*AIM OF THE TASK*. Only one stretch of the records below should be repeated. It starts with the line containing "Kampfsport schneller lernen" and goes on through the line containing "4 Shell Hermit", exactly as written.

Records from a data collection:

—————

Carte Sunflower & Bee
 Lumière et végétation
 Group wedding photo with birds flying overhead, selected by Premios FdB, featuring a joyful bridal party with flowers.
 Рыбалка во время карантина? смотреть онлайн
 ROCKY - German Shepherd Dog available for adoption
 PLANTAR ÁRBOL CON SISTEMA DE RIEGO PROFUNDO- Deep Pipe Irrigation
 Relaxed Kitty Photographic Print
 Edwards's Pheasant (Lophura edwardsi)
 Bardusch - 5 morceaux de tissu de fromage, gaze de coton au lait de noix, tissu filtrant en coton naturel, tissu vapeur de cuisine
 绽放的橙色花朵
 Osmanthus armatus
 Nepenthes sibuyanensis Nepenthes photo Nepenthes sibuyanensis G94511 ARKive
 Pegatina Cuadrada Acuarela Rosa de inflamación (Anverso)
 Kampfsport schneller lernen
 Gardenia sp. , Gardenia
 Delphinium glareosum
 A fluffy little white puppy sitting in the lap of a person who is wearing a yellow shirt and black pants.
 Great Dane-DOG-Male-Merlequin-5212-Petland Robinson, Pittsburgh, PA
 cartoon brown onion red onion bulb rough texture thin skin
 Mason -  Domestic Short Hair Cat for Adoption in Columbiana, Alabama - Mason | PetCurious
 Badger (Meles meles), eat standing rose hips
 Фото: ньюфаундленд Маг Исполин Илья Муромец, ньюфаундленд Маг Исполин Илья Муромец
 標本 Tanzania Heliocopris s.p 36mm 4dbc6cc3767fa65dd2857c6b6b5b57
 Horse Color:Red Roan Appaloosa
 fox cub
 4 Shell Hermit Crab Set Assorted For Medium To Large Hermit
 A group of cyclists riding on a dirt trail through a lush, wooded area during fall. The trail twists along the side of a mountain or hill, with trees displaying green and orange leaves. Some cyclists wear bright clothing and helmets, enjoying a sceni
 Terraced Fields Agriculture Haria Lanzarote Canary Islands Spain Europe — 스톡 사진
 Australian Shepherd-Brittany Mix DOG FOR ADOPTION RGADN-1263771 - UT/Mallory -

—————

*TASK RESULT*.
 Kampfsport schneller lernen
 Gardenia sp. , Gardenia
 Delphinium glareosum
 A fluffy little white puppy sitting in the lap of a person who is wearing a yellow shirt and black pants.
 Great Dane-DOG-Male-Merlequin-5212-Petland Robinson, Pittsburgh, PA
 cartoon brown onion red onion bulb rough texture thin skin
 Mason -  Domestic Short Hair Cat for Adoption in Columbiana, Alabama - Mason | PetCurious
 Badger (Meles meles), eat standing rose hips
 Фото: ньюфаундленд Маг Исполин Илья Муромец, ньюфаундленд Маг Исполин Илья Муромец
 標本 Tanzania Heliocopris s.p 36mm 4dbc6cc3767fa65dd2857c6b6b5b57
 Horse Color:Red Roan Appaloosa
 fox cub
 4 Shell Hermit Crab Set Assorted For Medium To Large Hermit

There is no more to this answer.